Two partitions $\pi^{(a)}$ and $\pi^{(b)}$ are overlapping iff $\vert \pi^{(a)} \cap \pi^{(b)} \vert > 0$.^5.12Also, a set of partitions provides full coverage iff $\mathcal{X} = \bigcup_{q=1}^{p} \pi^{(q)}$.

The ODC framework is parametrized by $p$, the number of partitions, and $l$, the degree of overlap ranging between 0 and 1. No overlap, or $l=0$, yields disjoint partitions and, by design, $l=1$ implies $p$-fold fully overlapping (identical) samples. Instead of $l$, one can use the parameter $v>1$ to fix the total number of points processed in all $p$ partitions combined to be (approximately) $vn$. This is accomplished by choosing $l = (v-1) / (p-1)$.

Let us assume that the data is not ordered, so any contiguous indexed subsample is equivalent to a random subsample. Every partition should have the same number of objects for load balancing. Thus, in any partition $\pi$ there are $\vert\pi\vert = \lceil \frac{p-1}{p} nl \rceil + \lceil \frac{n}{p} \rceil$ objects. Now that we have the number of objects $\vert\pi\vert$ in each partition, let us propose a simple coordinated sampling strategy: For each partition there are $\lceil n / p \rceil$ objects deterministically picked so that the union of all $p$ partitions provides full coverage of all $n$ objects. The remaining objects for a particular partition are then picked randomly without replacement from the objects not yet in that partition. There are many other ways of coordinated sampling. In this chapter we will limit our discussion to this one strategy for brevity.

Each partition is processed by independent, identical clusterers (chosen appropriately for the application domain). For simplicity, we use the same $k$ in the sub-partitions. The post-clustering merging step is done using our supra-consensus function $\Gamma$.

$$\{\mathbf{\lambda}^{(q)} \left\vert \right. q \in \{1,\ldots,p\} \} \stackrel{\Gamma}{\rightarrow} \mathbf{\lambda}$$ (5.8)

Since every partition only looks at a fraction of the data, there are missing labels in the $\mathbf{\lambda}^{(q)}$'s. Given sufficient overlap, the supra-consensus function $\Gamma$ ties the individual clusters together and delivers a consensus clustering.

We performed the following experiment to demonstrate how the ODC framework can be used to perform clustering on partially overlapping samples without access to the original features. We use graph partitioning as the clusterer in each processor and vary the number of partitions from 2 to 72 with $v = 2$. Figure 5.11 shows our results for the four data-sets. Each plot in figure 5.11 shows the relative mutual information (fraction of mutual information retained as compared to the reference clustering on all objects and features) as a function of the number of partitions. We fix the sum of the number of objects in all partitions to be double the number of objects ($v = 2$). Within each plot, $p$ ranges from 2 to 72 and each ODC result is marked with a `$\circ$'. The reference point for unpartitioned data is marked by `$\times$' at (1,1). For each of the plots, we fitted a sigmoid function to summarize the behavior of ODC for that scenario.

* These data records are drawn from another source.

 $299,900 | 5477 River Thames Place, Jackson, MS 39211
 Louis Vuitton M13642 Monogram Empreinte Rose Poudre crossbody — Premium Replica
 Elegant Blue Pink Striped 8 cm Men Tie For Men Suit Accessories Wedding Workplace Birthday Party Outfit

Clearly, there is a tradeoff in the number of partitions versus quality. As $p$ approaches $vn$, each clusterer only receives a single point and can make no reasonable grouping. For example, in the YAHOO case, for $v = 2$ processing on 16 partitions still retains around 90% (80%) of the full quality. For less complex data-sets, such as 2D2K, combining 16 partial partitionings ($v = 2$) still yields 90% of the quality. In fact, 2D2K can be clustered in 72 partitions at 80% quality. Also, we observed that for easier data-sets there is a smaller absolute loss in quality for more partitions $p$.

Regarding our proposed techniques, all three algorithms achieved similar ANMI scores without significant differences for 8D5K, PENDIG, and YAHOO. HGPA had some instabilities for the 2D2K data-set delivering inferior consensus clusterings compared to MCLA and CSPA.

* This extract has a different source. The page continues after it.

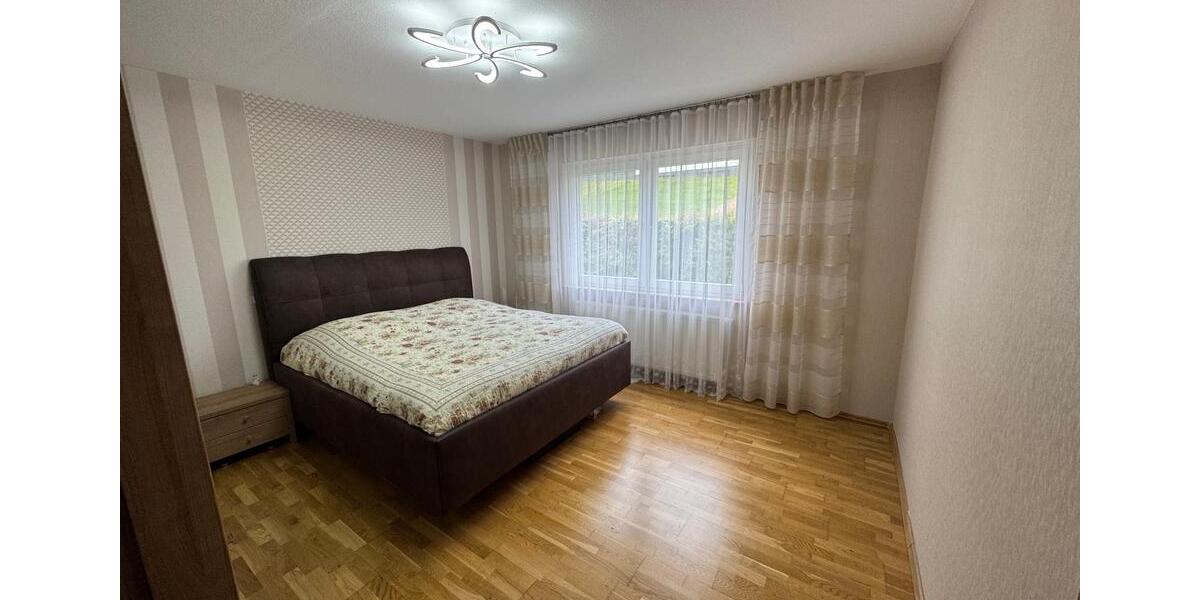Erdgeschoßwohnung Wermelskirchen - 3 Zimmer, 78 m&sup2;, 215.000&euro; | Angebot:27413699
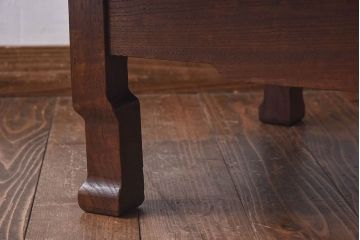 アンティーク家具　大正昭和初期　天板栗材一枚板　脚のデザインがユニークな座卓(ちゃぶ台、ローテーブル、センターテーブル)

In general, we believe the loss in quality with $p$ has two main causes. First, through the reduction of considered pairwise relations, the problem is simplified as speedup increases. At some point too much relationship information is lost to reconstruct the original clusters. The second factor is related to the balancing constraints used by the graph partitioner in the inner loop: the sampling strategies cannot maintain the balancing, so enforcing them in clustering hurts quality. A relaxed inner loop clusterer might improve results.

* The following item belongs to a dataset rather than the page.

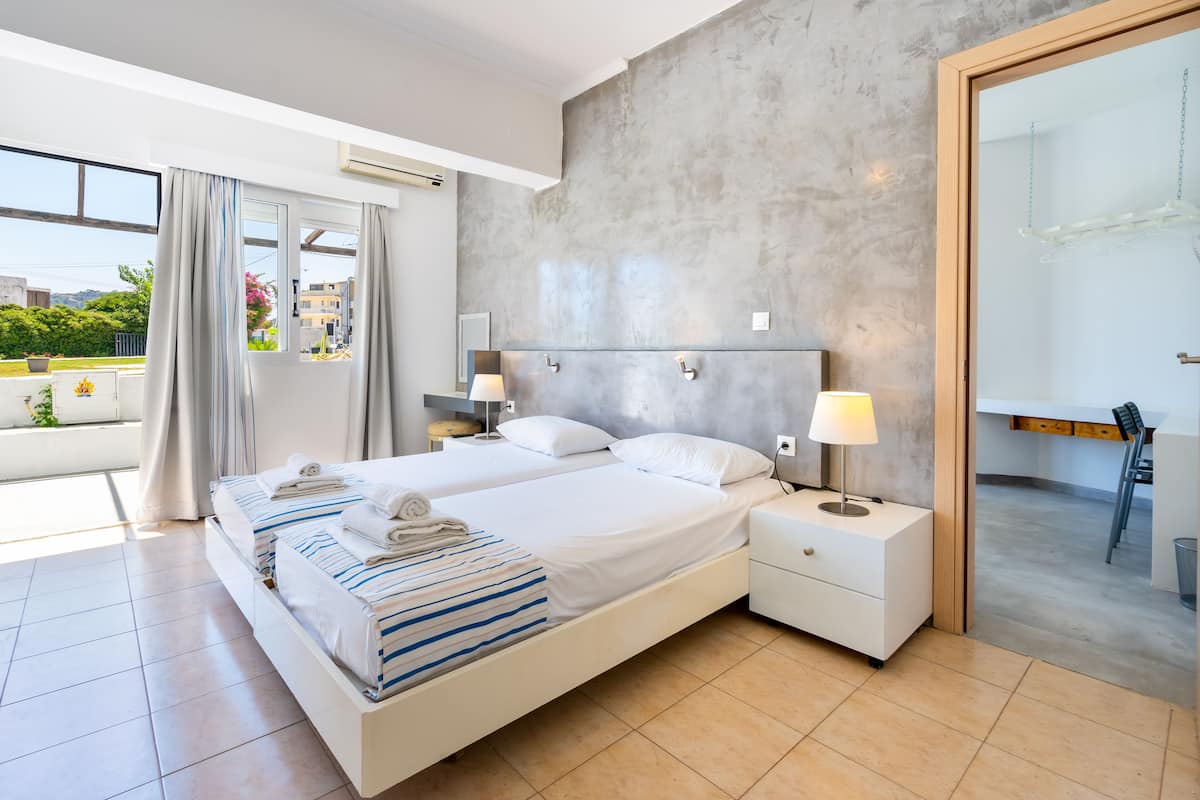 Basic Double or Twin Room, 1 Bedroom | In-room safe, blackout drapes, iron/ironing board (on request)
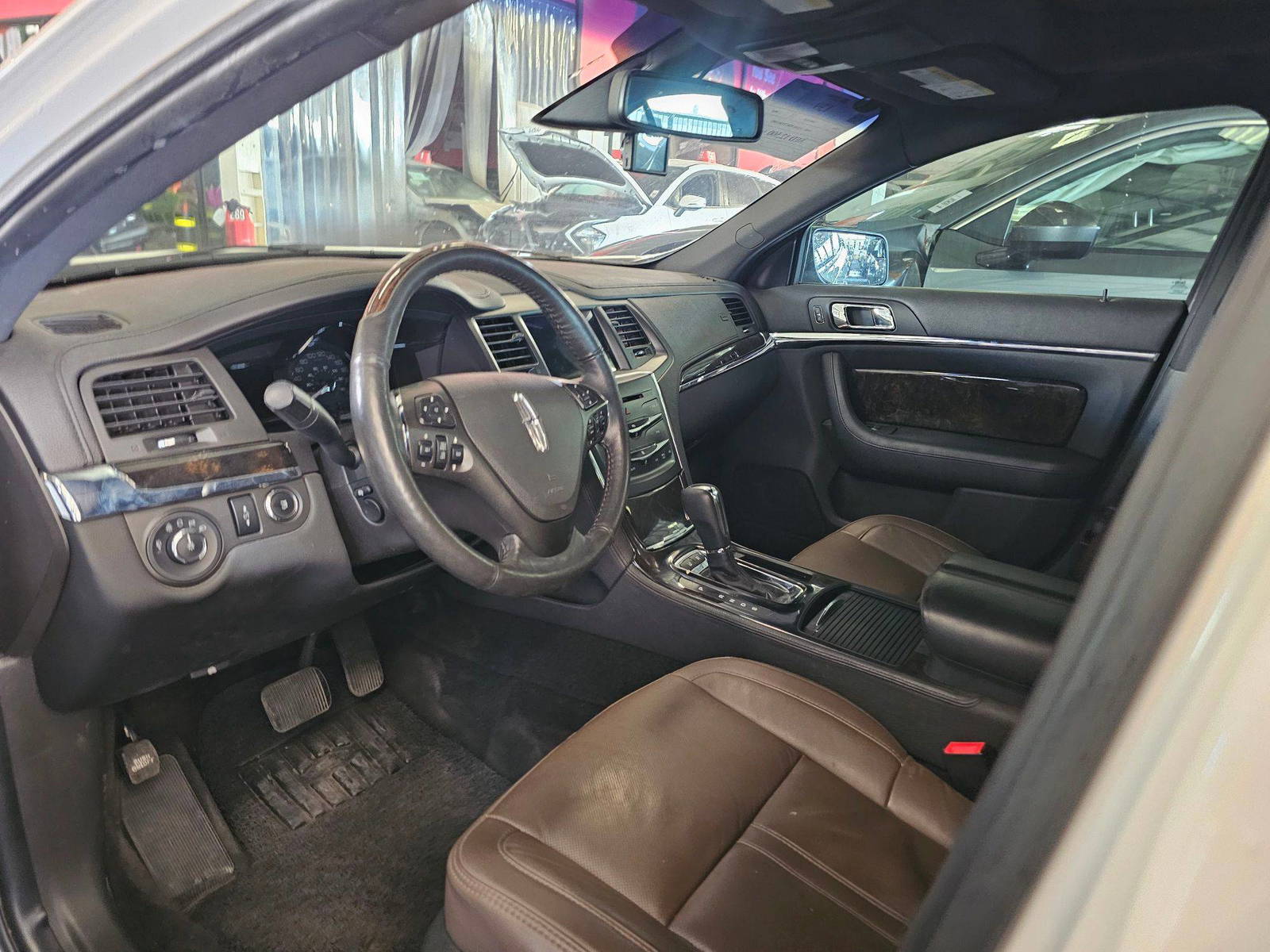 LINCOLN MKS 2014 - Marhaba Auction Used Cars - Image 8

Figure 5.11: Object-Distributed Clustering (ODC) results. Clustering quality (measured by relative mutual information) as a function of the number of partitions, $p$, on various data-sets: (a) 2D2K; (b) 8D5K; (c) PENDIG; (d) YAHOO. The sum of the number of samples over all partitions is fixed at $2n$. Each plot contains experimental results using graph partitioning in the inner loop for $p = \left[2,\ldots,72\right]$ and a fitted sigmoid (least squared error). Processing time can be reduced by a factor of 4 for the YAHOO data while preserving 80% of the quality ($p=16$).

(a)	(b)
(c)	(d)

Distributed clustering using a cluster ensemble is particularly useful when the inner loop clustering algorithm has superlinear complexity ($>O(n)$) and a fast consensus function (such as MCLA and HGPA) is used. In this case, additional speedups can be obtained through distribution of objects. Let us assume that the inner loop clusterer has a complexity of $O(n^2)$ (e.g., similarity-based approaches or efficient agglomerative clustering) and one uses only MCLA and HGPA in the supra-consensus function.^5.13We define speedup as the computation time for the full clustering divided by the time when using the ODC approach. The overhead for the MCLA and HGPA consensus functions grows linear in $n$ and is negligible compared to the $O(n^2)$ clustering. Hence the sequential speedup is approximately $s^{(\mathrm{ODC-SEQ})} = \frac{p}{v^2}$. Each partition can be clustered without any communication on a separate processor. At integration time only the $n$-dimensional label vector (instead of e.g., the entire $n \times n$ similarity matrix) has to be transmitted to the combiner. Hence, ODC does not only save computation time, but also enables trivial $p$-fold parallelization. Consequently the sequential speedup can be multiplied by $p$ if a $p$-processor computer is utilized: $s^{(\mathrm{ODC-PAR})} = \frac{p^2}{v^2}$. An actual speedup ($s > 1$) will be reached for $p > v^2$ in the sequential or $p > v$ in the parallel case. For example, when $p=4$ and $v = 2$ (which implies $l=1/3$) the computing time is approximately the same ($s=1$) because each partition is half the original size $n/2$ and consequently processed in a quarter of the time. Since there are four partitions, ODC takes the same time as the original processing. In our experiments, using partitions from 2 to 72 yield corresponding sequential (parallel) speedups from 0.5 (1) to 18 (1296). For example, 2D2K (YAHOO) can be sped up 64-fold using 16 processors at 90% (80%) of the full length quality. In fact, 2D2K can be clustered in less that 1/1000 of the original time at 80% quality.